Image by Sergio Russo

The historic election in the U.S. which saw not only the election of Donald Trump as President, but a Republican dominated Congress, sets the stage for an uncertain month as OPEC members and Russia move towards a crucial meeting a month's end.
There's little doubt that should no limit in production be the outcome of the much anticipated gathering, oil will continue to founder and with it, the finances of many producing nations.
Adding to the opaque outlook is the direction the incoming Trump Administration will take on the energy file. If what the President-elect pledged during the campaign is correct, several takeaway's on energy will almost certainly affect oil's future.
The first is the approval of the Keystone XL pipeline which originally met all rigorous requirements over several years, but was nevertheless blocked by President Obama on the basis this would lead to furthering CO2 emissions in Alberta. An expected speedy approval would also fulfill another promise by President-elect Trump to remove the U.S. from the Paris Accord aimed at reversing global output of C02 emissions argued to be the primary source of global warming.

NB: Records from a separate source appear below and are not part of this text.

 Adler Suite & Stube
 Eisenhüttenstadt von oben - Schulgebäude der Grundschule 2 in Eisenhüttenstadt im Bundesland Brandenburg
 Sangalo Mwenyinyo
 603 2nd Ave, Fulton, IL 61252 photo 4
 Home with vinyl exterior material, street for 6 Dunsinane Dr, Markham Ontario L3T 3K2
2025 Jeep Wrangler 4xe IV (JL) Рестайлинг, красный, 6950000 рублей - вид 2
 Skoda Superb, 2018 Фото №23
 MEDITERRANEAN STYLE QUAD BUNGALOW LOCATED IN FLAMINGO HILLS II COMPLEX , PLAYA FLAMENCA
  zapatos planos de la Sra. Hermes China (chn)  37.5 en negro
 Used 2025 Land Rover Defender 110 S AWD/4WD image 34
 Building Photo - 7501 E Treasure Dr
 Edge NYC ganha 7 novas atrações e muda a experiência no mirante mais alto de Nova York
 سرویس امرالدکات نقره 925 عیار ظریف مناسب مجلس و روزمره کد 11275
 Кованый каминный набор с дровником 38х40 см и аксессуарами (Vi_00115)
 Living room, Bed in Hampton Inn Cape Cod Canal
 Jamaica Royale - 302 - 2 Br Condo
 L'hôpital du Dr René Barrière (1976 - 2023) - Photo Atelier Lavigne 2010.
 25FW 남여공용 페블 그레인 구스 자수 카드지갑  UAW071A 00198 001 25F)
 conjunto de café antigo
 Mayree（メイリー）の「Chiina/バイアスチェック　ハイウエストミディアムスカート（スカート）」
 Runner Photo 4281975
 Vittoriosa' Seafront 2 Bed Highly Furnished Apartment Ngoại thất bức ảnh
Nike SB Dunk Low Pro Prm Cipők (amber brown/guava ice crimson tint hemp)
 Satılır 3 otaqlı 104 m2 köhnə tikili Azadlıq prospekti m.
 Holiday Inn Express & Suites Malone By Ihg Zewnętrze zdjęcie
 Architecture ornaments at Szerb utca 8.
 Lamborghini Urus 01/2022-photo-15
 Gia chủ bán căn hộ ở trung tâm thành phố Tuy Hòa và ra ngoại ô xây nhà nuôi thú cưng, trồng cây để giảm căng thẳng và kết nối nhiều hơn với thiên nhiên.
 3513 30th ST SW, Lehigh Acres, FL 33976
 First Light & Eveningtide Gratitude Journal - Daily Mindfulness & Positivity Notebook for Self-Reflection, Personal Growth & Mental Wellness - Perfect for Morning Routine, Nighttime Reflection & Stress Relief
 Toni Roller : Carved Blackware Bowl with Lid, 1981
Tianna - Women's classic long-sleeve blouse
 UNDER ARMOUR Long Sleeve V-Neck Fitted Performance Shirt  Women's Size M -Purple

As well one would expect re-emphasis on coal use, thus providing a reversal of that industry's sagging fortunes in the U.S. Add to this the renogotiation of the North American Free Trade Agreement between Canada, the U.S. and Mexico and what emerges is a reprioritization of the American and global markets over the near term.
This brings us back to OPEC which seems unable, two years on, to come to any form of agreement on curbing the world's growing oversupply. Ironically, the likelihood of a less engaged incoming US government might turn out to be a gift for producers as the shift away from climate change agreements will almost certainly put a damper on renewables and the generous support they receive due to administrative targets. This could well provide a short window for oil's recovery beginning in the second quarter of 2017.
While it is only conjecture at this early stage, bets on where crude is headed will remain uncertain for the time being, or at least until January 20, inauguration day in Washington.
In the meantime, who becomes Secretary for Energy, State and the Interior are among the top favourites on the Washington watch list.